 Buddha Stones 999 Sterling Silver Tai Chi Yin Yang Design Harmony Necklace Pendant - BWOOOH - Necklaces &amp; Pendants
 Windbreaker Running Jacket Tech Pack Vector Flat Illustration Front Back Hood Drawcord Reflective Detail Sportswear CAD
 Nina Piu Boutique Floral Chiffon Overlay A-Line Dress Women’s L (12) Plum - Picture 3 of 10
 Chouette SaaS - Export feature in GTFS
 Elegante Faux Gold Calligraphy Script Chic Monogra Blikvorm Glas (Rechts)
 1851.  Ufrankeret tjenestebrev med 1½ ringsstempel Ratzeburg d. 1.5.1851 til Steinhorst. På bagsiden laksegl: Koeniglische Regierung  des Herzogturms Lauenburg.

· · ·

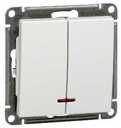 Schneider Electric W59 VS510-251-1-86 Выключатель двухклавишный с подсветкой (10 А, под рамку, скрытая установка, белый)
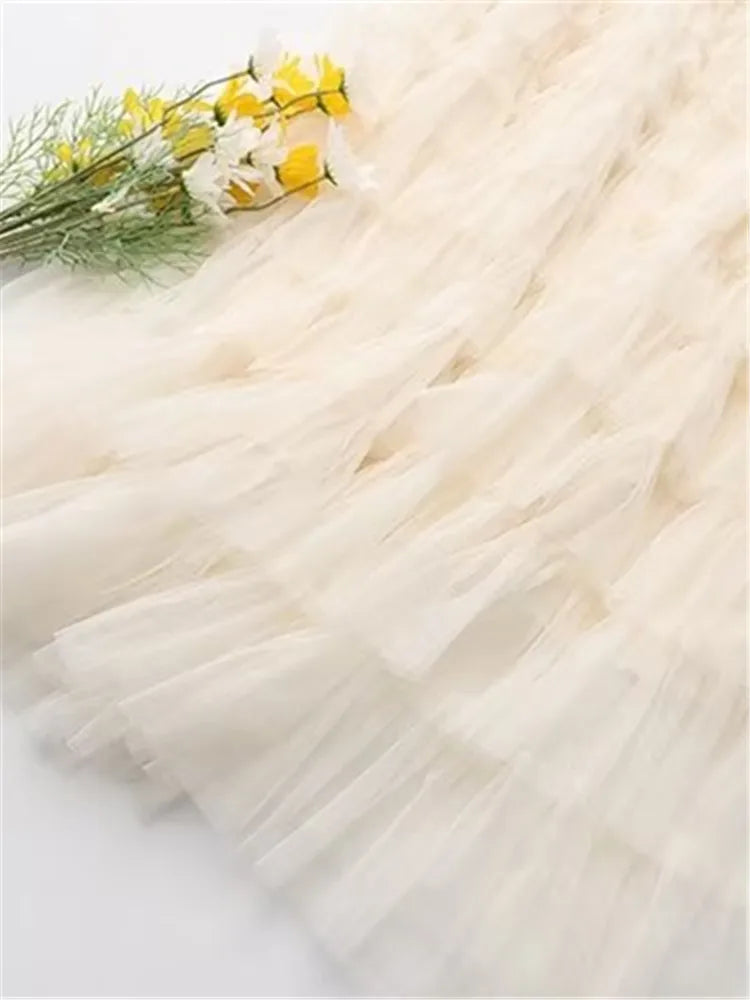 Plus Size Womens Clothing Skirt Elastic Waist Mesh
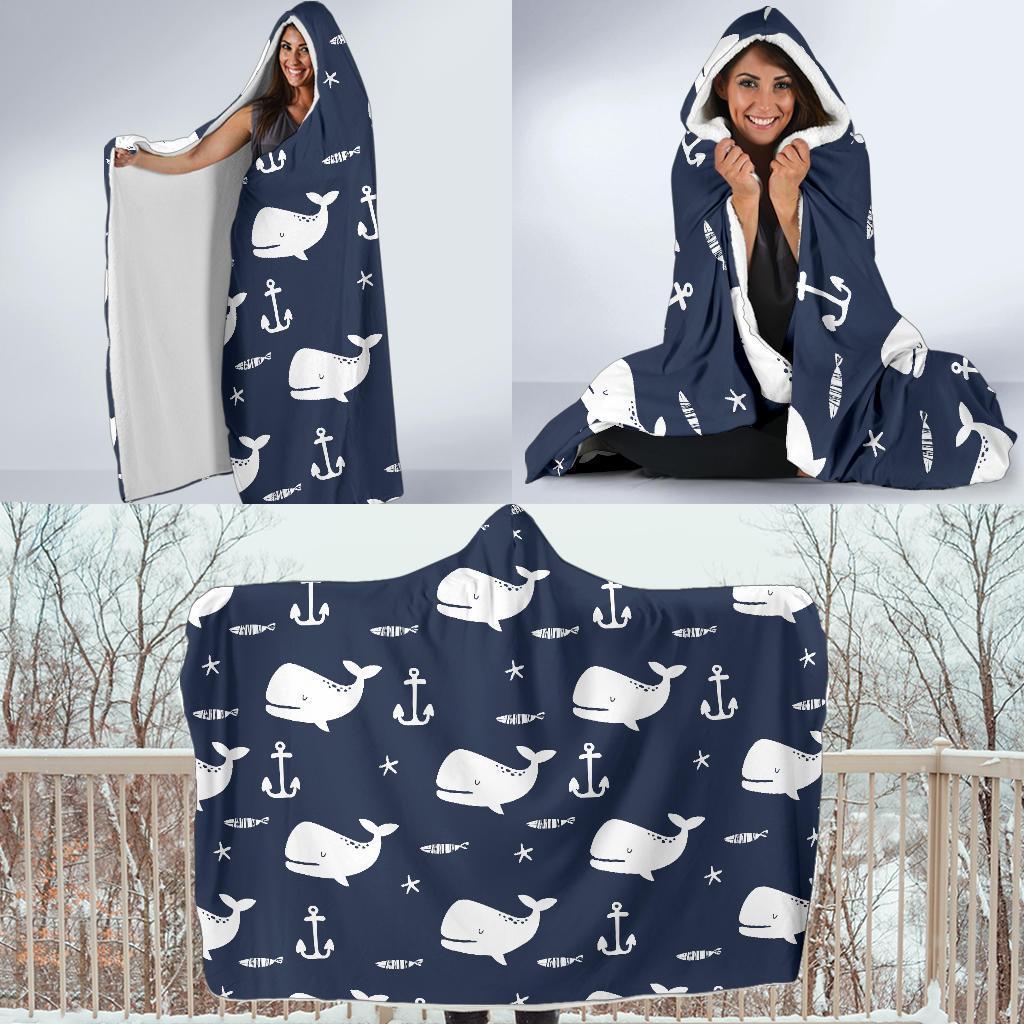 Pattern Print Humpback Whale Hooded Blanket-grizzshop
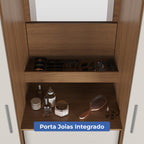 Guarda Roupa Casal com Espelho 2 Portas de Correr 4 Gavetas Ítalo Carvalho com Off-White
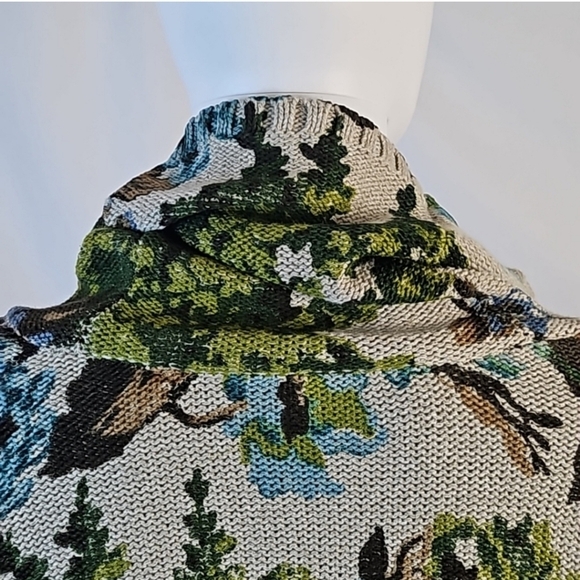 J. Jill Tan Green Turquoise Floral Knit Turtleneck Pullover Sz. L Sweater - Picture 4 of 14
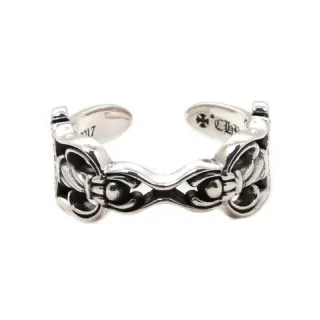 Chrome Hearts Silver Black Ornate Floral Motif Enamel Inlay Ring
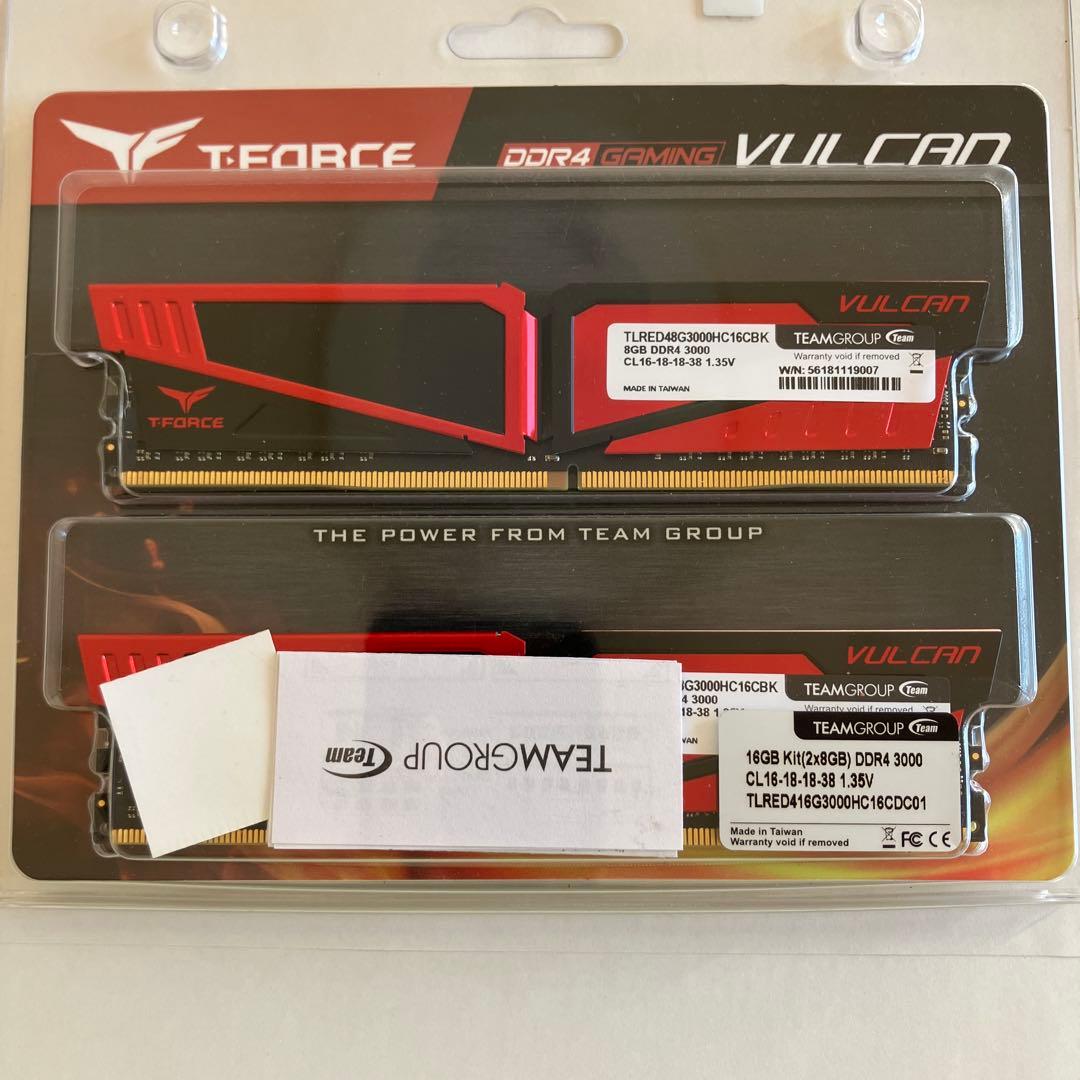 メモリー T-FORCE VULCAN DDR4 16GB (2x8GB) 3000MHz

· · ·

Exercise instructions — Quote word for word only the lines above from the one containing "Plus Size Womens" through the one containing "メモリー T-FORCE VULCAN". Pictures stay out of your copy.

Output —
 Plus Size Womens Clothing Skirt Elastic Waist Mesh
 Pattern Print Humpback Whale Hooded Blanket-grizzshop
 Guarda Roupa Casal com Espelho 2 Portas de Correr 4 Gavetas Ítalo Carvalho com Off-White
 J. Jill Tan Green Turquoise Floral Knit Turtleneck Pullover Sz. L Sweater - Picture 4 of 14
 Chrome Hearts Silver Black Ornate Floral Motif Enamel Inlay Ring
 メモリー T-FORCE VULCAN DDR4 16GB (2x8GB) 3000MHz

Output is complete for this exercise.